Kids can play rough, sure, but no little girl or boy should have to go to the hospital for stiches after being hit by a classmate. That's not ok, it's not all in good fun, and it's not teaching kids how they should behave as adults.
But—shockingly— that's just what happened to Merritt Smith's 4-year-old daughter last week. A male classmate slugged the little girl in the face, and her mom had to take her to the hospital. This is pretty awful, but what I really can't believe is that a male employee at the hospital's registration desk literally added insult to injury when he made this comment about the boy who caused the injury: "I bet he likes you," he told the young girl.
I bet he likes you?
What an irresponsible thing to say to a worried mother and a hurting child! What a message to send to a little girl about the way boys should or could treat her!
Smith vented her frustration on her Facebook page saying: "hurting is not flirting" and "it's time to take responsibility for the messages we as a society give our children."
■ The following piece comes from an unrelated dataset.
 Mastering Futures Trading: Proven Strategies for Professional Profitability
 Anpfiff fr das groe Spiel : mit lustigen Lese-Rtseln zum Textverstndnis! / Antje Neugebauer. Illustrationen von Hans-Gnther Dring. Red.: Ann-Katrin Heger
Like the thousands of people who have responded to Smith's post, I couldn't agree more. As a mother to two boys, one of my missions in life is to teach them to respect women and to know that we never express frustration through violence. We talk about this when my 5-year-old stomps his foot and throws a toy across the room. We cover it when my 7-year-old with autism has a meltdown and tries to bite me or pull his brother's hair. This is what parents are supposed to do. This is what adults are supposed to model. These are the messages we're supposed to share when our kids act inappropriately.
We—as parents, as a society— have to send the right messages to kids when they are small—so that these resonate as they grow into tweens, teens, and adults. We have to teach our kids to respect each other; that violence is not ok; that we don't show affection through punches, hair pulling, and hurting; that love should not leave bruises; and that adults are here to help, not add confusion to pain by somehow blaming the victim for his or her own injuries.